Peki, nedir bu virüslerin yasası? Bunu anlamak için geliştirebildiğimiz en işlevli yöntem evrim kuramı. Bu kuramın ışığında virüslerin nasıl dönüştüğünü, yayıldığını, yaşayabildiğini az-çok anlayabiliyoruz. Ne kadar iyi anlarsak, virüslerle ortak yaşamayı o kadar iyi becerebiliriz. Bir kere bunu kavramamız lazım.

Virüs ile savaşmıyoruz (virüs de bizle savaşmıyor), virüsü anlamaya çalışıyoruz. Anlayabildiğimiz zaman ona uyum sağlayacağız (aşıların mantığı tam da budur).

Kavramamız gereken ikinci nokta şu: Sıkıntımızın kaynağı virüsler değil, kendimiziz. Yeni virüsümüz çarpıcı bir biçimde gösterdi ki, mevcut hakim sistemimiz son derece yetersiz ve kırılgan. Çünkü insan-insan zıtlaşmasına (sınıflılığa) dayalı.

“Biz işçiler neden evde kalamıyoruz?”

Büyük doğal afetler ilk başta “doğanın kılıcı” olarak doğarlar, ama kısa süre içinde “tarihin kılıcı”na dönüşürler. İnsanlar sınıflara bölündüğünden ve sömürü ortaya çıktığından beri her zaman böyle olmuştur.
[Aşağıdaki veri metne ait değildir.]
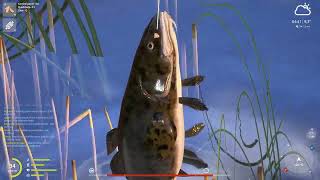 Burbot Eel Volkhov | Russian Fishing 4 RF4 SPOT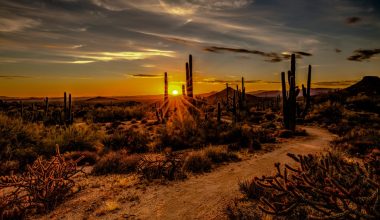 what vegetables grow in arizona summer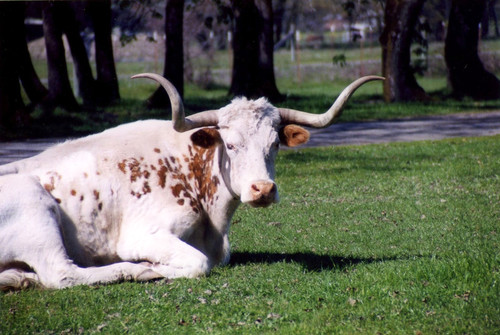 Vintage texas ranch animals - ranch,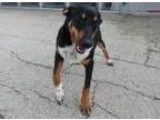 Adopt Shooter a Dachshund Australian Cattle Dog (Blue Heeler)
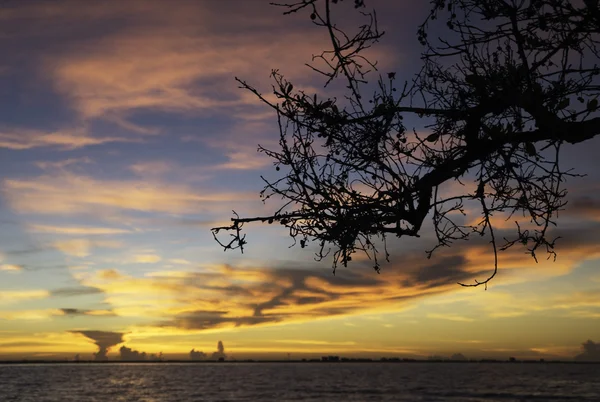 Lever de soleil sur l'île Sanibel — Photo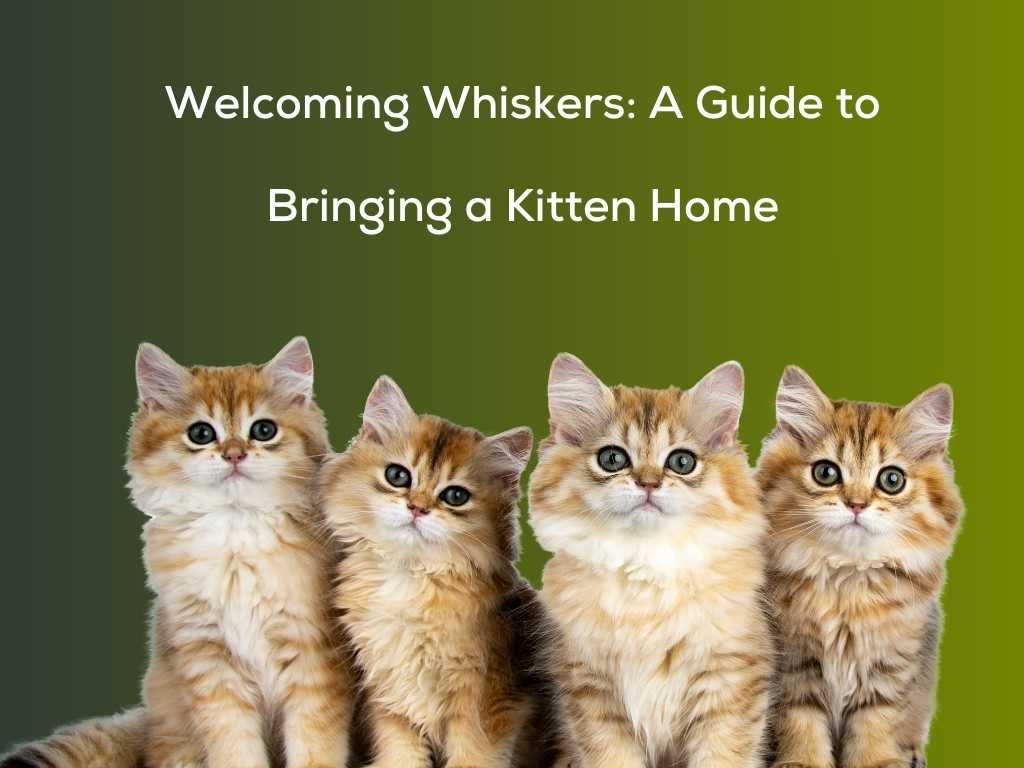Welcoming Whiskers: A Guide to Bringing a Kitten Home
Avrupa’nın önemli merkezlerinden birini yerle bir eden 1755 Lizbon Depremi ve ardından gelen tsunami en bilinen örneklerdendir. Dönemin önde gelen aydınları, özellikle Aydınlanma filozofları üzerinde düşünürler. Depremin yozlaşmaya karşı Tanrı’nın bir gazabı olduğu görüşüne Voltaire başkaldırır. “Lizbon Felaketi Üzerine Şiir”inde, yaşananın dinle ve Tanrı’yla bir ilişkisinin olmadığını, depremin bir doğa olayı olduğunu ve bilimsel yaklaşımla çözümlenebileceğini haykırır. Rousseau ise bir adım ileri gider ve Voltaire’e şu basit soruyu yöneltir: “Peki, neden hep yoksullar ölüyor?” Bu soru 30 yıl sonra yanıtını bulur: Büyük Fransız Devrimiyle!

Geçen gün sosyal medyada inşaat işçilerinin çeşitli yerlere astıkları “Biz işçiler neden evde kalamıyoruz?” pankartını gördüğümde aklıma Rousseau’nun sorusu geldi. İşçiler aynı basit soruyu sormuşlar. Bir soru formüle edildiğinde yanıt gündeme giriyor demektir.

Bilim yolu aydınlatır, ama son noktayı sınıf mücadelesi koyar.